Nothing
#' Lorenz curve
#'
#' Estimate the Lorenz curve, an inequality graph
#'
#' @param formula a formula specifying the income variable
#' @param design a design object of class \code{survey.design} or class \code{svyrep.design} from the \code{survey} library.
#' @param quantiles a sequence of probabilities that defines the quantiles sum to be calculated
#' @param ci Should the confidence interval be plotted? Defaults to \code{TRUE}.
#' @param alpha a number that especifies de confidence level for the graph.
#' @param empirical Should an empirical Lorenz curve be estimated as well? Defaults to \code{FALSE}.
#' @param plot Should the Lorenz curve be plotted? Defaults to \code{TRUE}.
#' @param add Should a new curve be plotted on the current graph?
#' @param curve.col a string defining the color of the curve.
#' @param na.rm Should cases with missing values be dropped? Defaults to \code{FALSE}.
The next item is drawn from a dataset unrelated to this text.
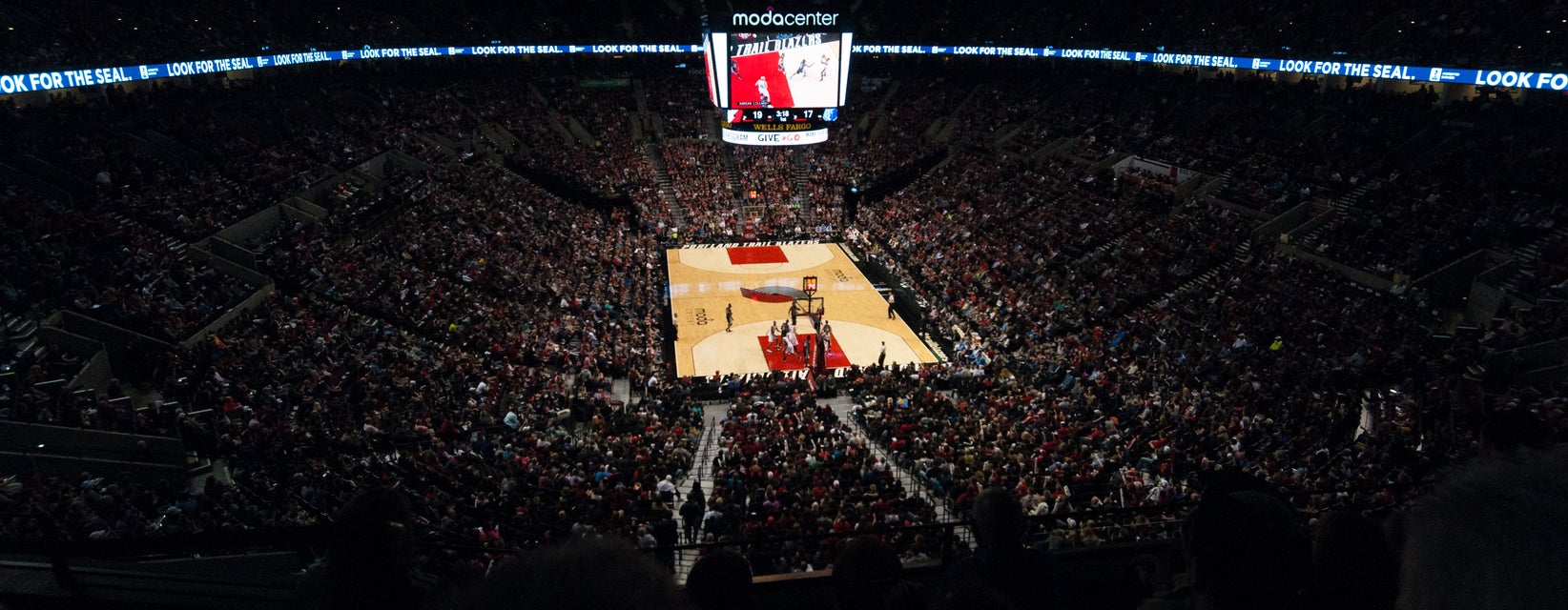 Seat view from Upper Baseline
#' @param ... additional arguments passed to \code{plot} methods
#'
#' @details you must run the \code{convey_prep} function on your survey design object immediately after creating it with the \code{svydesign} or \code{svrepdesign} function.
#'
#' Notice that the 'empirical' curve is observation-based and is the one actually used to calculate the Gini index.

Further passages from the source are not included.